● **WHAT YOU NEED TO DO**:
You are asked to filter the data below and copy every line holding "Island".

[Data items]
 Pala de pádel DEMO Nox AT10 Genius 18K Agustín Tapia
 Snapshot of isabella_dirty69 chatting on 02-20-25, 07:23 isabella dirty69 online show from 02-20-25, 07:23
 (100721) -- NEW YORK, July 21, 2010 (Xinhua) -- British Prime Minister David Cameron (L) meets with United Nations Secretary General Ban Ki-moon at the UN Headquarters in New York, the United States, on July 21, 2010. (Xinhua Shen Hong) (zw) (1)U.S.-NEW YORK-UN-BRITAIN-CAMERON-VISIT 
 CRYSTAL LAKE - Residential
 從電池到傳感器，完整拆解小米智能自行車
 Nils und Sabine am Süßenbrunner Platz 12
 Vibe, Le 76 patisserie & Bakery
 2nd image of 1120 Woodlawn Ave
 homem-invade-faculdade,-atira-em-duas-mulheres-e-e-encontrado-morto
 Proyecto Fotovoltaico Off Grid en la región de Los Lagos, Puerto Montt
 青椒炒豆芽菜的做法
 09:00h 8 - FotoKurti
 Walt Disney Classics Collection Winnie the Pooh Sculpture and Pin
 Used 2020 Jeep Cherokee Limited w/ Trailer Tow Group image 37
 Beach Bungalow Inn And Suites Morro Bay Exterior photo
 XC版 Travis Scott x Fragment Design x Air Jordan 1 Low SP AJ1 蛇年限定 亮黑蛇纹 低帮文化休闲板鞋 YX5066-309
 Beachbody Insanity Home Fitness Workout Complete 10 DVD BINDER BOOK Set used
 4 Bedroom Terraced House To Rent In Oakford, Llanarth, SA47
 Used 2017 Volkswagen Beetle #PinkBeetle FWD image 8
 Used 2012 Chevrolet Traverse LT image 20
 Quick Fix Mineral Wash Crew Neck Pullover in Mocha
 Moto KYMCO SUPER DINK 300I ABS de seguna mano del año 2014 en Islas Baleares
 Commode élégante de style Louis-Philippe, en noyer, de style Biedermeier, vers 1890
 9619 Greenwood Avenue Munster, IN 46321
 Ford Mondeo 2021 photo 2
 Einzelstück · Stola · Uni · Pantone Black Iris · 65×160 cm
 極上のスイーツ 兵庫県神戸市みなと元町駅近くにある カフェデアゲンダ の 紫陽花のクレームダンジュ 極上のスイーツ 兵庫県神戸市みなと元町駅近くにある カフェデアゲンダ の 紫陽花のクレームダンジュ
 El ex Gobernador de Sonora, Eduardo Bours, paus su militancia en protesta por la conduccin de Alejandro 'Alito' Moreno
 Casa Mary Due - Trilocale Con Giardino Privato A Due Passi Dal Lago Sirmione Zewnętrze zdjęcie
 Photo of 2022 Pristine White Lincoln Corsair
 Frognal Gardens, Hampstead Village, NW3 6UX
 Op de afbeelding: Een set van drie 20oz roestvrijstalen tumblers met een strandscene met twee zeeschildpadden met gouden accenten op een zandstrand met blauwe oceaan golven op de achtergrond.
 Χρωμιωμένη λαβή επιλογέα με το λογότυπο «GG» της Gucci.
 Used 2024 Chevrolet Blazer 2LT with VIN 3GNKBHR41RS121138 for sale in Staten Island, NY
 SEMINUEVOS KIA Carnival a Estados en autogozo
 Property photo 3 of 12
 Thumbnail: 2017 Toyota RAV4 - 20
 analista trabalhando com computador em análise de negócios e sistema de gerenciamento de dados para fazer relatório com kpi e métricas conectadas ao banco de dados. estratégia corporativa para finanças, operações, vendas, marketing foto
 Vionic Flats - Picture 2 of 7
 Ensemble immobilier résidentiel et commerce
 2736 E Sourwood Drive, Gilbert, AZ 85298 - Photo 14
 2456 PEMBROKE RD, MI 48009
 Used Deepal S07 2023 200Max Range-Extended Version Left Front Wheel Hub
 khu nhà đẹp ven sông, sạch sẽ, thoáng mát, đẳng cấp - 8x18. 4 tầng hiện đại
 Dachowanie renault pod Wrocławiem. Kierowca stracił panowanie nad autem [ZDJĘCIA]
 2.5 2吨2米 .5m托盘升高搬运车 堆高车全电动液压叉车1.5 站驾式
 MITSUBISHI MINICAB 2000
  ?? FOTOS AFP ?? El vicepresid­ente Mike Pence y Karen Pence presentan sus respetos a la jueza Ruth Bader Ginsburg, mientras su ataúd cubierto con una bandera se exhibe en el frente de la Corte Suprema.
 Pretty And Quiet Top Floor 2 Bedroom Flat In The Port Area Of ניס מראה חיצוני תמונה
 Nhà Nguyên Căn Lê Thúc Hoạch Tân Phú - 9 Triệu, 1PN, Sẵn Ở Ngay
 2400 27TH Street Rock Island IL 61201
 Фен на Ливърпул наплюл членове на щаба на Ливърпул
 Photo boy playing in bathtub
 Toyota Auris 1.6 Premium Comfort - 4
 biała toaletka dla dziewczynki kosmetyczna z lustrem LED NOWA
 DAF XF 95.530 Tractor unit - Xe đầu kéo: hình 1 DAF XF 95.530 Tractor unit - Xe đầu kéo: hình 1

● **SOLUTION TO THIS EXERCISE**:
 Used 2024 Chevrolet Blazer 2LT with VIN 3GNKBHR41RS121138 for sale in Staten Island, NY
 2400 27TH Street Rock Island IL 61201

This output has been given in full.